Affinity Schemes: Tackling Grey Fleet Risks and Shaping the Conversation
- Stephen Lambert

- Sep 24
- 2 min read

For many UK employers, the “grey fleet” remains a hidden challenge. Employees using their own cars for business mileage may seem cost-effective, but the reality is often very different. Older vehicles, patchy service histories, poor emissions performance, and the lack of central oversight expose businesses to financial, safety, and compliance risks. At the same time, the cost of reimbursing mileage at HMRC rates quickly adds up, draining budgets that could be better invested elsewhere.
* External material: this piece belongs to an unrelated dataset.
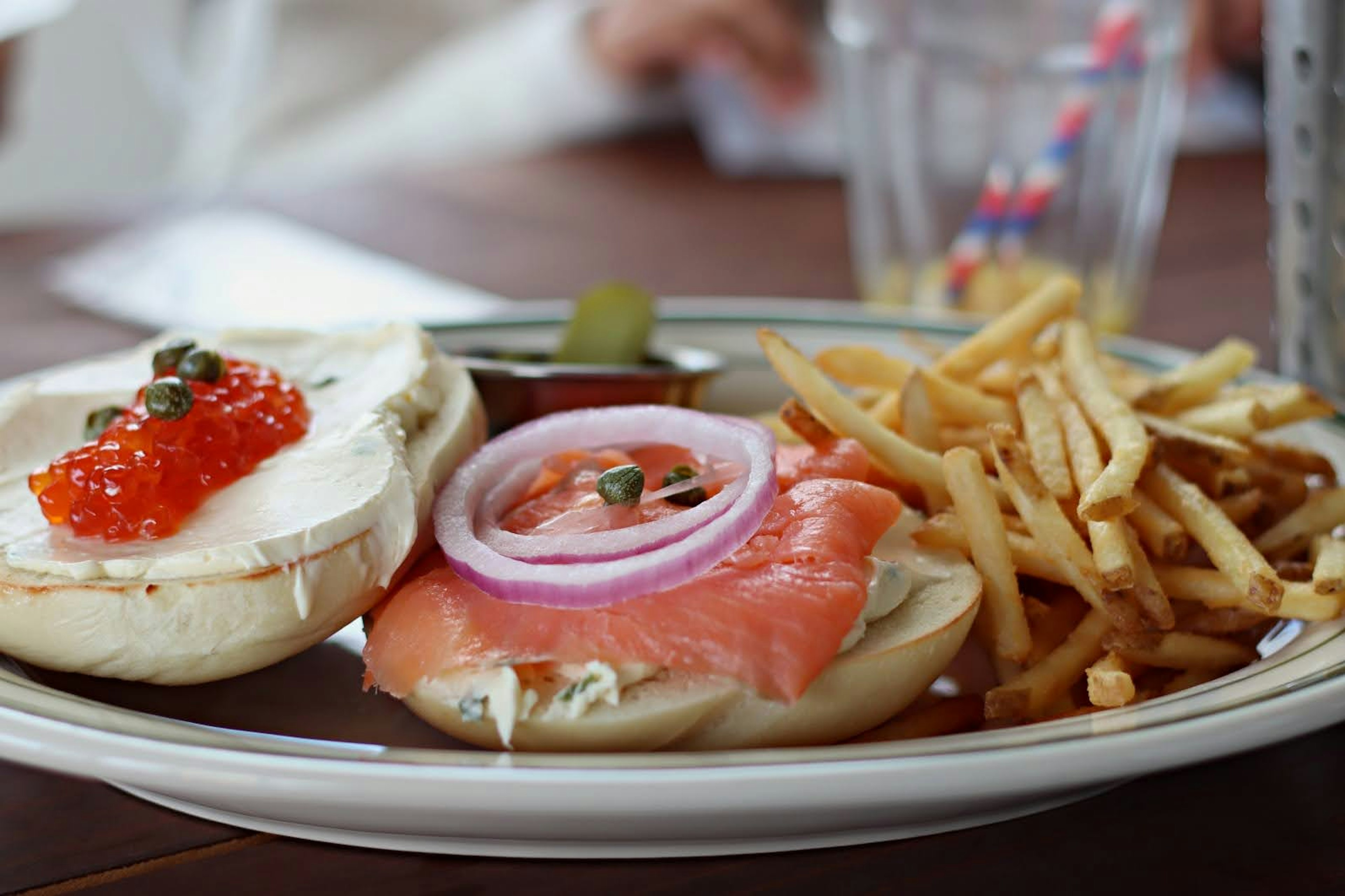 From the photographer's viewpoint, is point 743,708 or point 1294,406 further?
point 1294,406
This is where affinity schemes offer a powerful solution. By partnering with OEMs through structured programmes, businesses can encourage employees to access new vehicles at preferential rates, often directly through their employer. The benefit is twofold: staff enjoy a cost-effective path into a brand-new car, while employers reduce the reliance on unmanaged grey fleet vehicles. The result is safer, cleaner, and more predictable mobility.
With the UK pushing ahead on its road to net zero, the timing could not be better. Electrification is already reshaping fleet and retail markets, and affinity schemes are ideally placed to accelerate adoption. Employees gain the opportunity to move into EVs or low-emission vehicles with manufacturer support, while employers strengthen their ESG credentials by cutting scope 3 emissions linked to business travel.
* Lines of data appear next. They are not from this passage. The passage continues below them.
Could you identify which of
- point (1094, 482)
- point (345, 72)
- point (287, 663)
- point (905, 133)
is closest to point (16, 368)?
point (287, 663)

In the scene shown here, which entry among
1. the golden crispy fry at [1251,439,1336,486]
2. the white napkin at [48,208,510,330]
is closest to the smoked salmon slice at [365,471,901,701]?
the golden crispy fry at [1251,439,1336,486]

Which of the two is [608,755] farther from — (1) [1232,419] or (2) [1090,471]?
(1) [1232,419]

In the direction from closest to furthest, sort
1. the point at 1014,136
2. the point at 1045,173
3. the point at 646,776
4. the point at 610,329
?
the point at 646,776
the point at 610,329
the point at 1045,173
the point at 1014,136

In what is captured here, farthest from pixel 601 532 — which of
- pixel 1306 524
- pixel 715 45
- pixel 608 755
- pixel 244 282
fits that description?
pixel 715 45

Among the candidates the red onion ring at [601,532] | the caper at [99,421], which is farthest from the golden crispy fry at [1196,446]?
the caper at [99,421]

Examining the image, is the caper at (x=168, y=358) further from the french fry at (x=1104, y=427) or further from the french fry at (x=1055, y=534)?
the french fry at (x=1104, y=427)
For OEMs, this channel also makes commercial sense. Affinity sales provide a reliable route to incremental volume—often up to 10%—at a time when private retail demand is softening. Conversion rates are higher than other channels, and because schemes are fully controlled by the manufacturer, OEMs decide which partners to approach, which models to feature, what discounts to apply, and where to focus their efforts, whether that’s driving EV uptake or managing older stock. Affinity also offers greater flexibility than salary sacrifice or company car schemes, with a wider mix of models and fuel types available. Together, these benefits help OEMs improve sales quality, protect brand value, and strengthen relationships with current and future fleet customers.
These themes are set to be discussed at Fleet & Mobility Live 2025, taking place at the NEC this October. The event is the UK’s largest gathering for fleet, mobility, and corporate transport decision-makers, bringing together OEMs, leasing providers, and service specialists. Key topics this year are expected to include fleet electrification, workplace charging, mobility budgets, and the future of benefit-in-kind taxation.
VPS believes affinity schemes deserve a prominent role in this conversation. They represent the bridge between fleet and retail, enabling OEMs to extend their influence beyond corporate fleets and into the wider employee base. In doing so, they help employers tackle grey fleet cost and compliance issues, while giving manufacturers a controlled way to sell more cars to more people without eroding brand equity or residuals.
At VPS, we specialise in running end-to-end affinity programmes that take the complexity away from OEMs. Every scheme we deliver is backed by a branded centralised platform, a dynamic configurator with CRM integration, a dealer portal for seamless enquiry management, robust authorisation controls, and comprehensive marketing and partner engagement. This ensures OEMs can focus on growth while we handle delivery with speed, efficiency, and compliance.
VPS will be tracking the debates closely in October. One thing is certain: with grey fleet risks mounting and electrification accelerating, affinity schemes are no longer a nice-to-have—they are fast becoming an essential tool in the mobility strategy toolkit.